Today, almost all countries are affected by this pandemic, although the spread is not the same everywhere. Strangely, the spread is maximum in many First World countries like the USA and the UK. Economies around the world are likewise shut down, but with varying degrees. Due to this state of affairs, businesses and economies are affected badly. Many industry segments are not able to function any more, like shopping malls, hotels, theaters, manufacturing and production centers, and e-commerce stores.

What is the financial impact of this lockdown?

Businesses are shutting down, and are unable to pay salaries to their employees. Customers who had taken loans find themselves unable to pay loans back. There is rampant job loss and unemployment, and these problems are only increasing. The economy can face a domino effect as loan services will be taking a direct hit. If this happens, fixed income will get affected as well. Debt papers of all kinds shall be affected if this happens, and shall be followed by rating downgrades.
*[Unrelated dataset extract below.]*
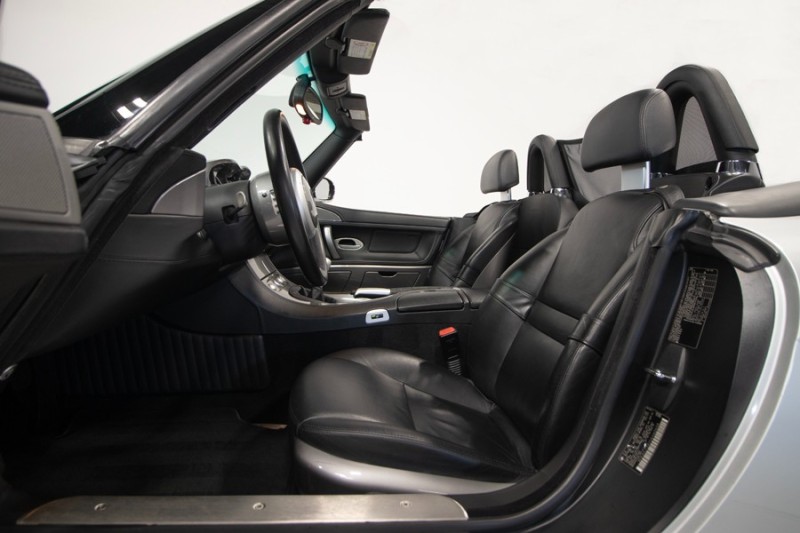 2001 BMW Z8 Z8 *WE HAVE EVERY SERVICE RECORD BACK TO 2004* *IMMACULATE* in ,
Those who hold debt papers shall not receive principal and interest. As you can see, banks shall be affected by these trends. 
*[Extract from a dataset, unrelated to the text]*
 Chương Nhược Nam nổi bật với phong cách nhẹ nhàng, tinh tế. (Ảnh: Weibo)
These things happen when businesses are not able to continue operating in such conditions in the long run, and have no one to help them. However, governments do intervene to help, because governments do not wish to see massive job losses and a complete downslide of the economy. With the government helping, all is not as bad as it seems.

However, at an individual level, it is still important to evaluate your financial situation, such as your investments. The important thing in this situation is capital protection and the importance of regular payments. In this article, we are going to discuss some investment avenues that are appealing due to their safety and low-risk nature.

Remember, these debt instruments are issued by the government or by their associated bodies like the PSUs. These carry low-risk and in such financial situations, these are safe haven investments. Here are some of them:

Bharat Bond Fund

This is an AAA-rated investment option, and therefore is quite safe. Bharat Bond Fund tracks the Nifty index. It has low charges and is a passive fund. There are two investment options here: 3-year and 10-year options. The post-tax returns are expected to be higher than most other debt investment options. The fund has the added benefit of being liquid.

Government security funds

These funds are MF schemes and have government securities as underlying instruments of investment. Due to this feature, these funds are risk-free. These funds are actively managed and are held till maturity. The funds have a long tenure and come with the added benefit of liquidity.

Banking and PSU Debt Funds

These schemes are safe because these are debt MF with the underlying being PSU debt papers and banking documents. One of the greatest benefits here is that these are ideal for short-term investments. There shall be minimal fluctuation in interest rate as well.

To Conclude

These are some instruments that you can invest in during this time of economic turmoil. As you can see, these are very safe for investing in, and can give benefits whether for the short term, or for the long term.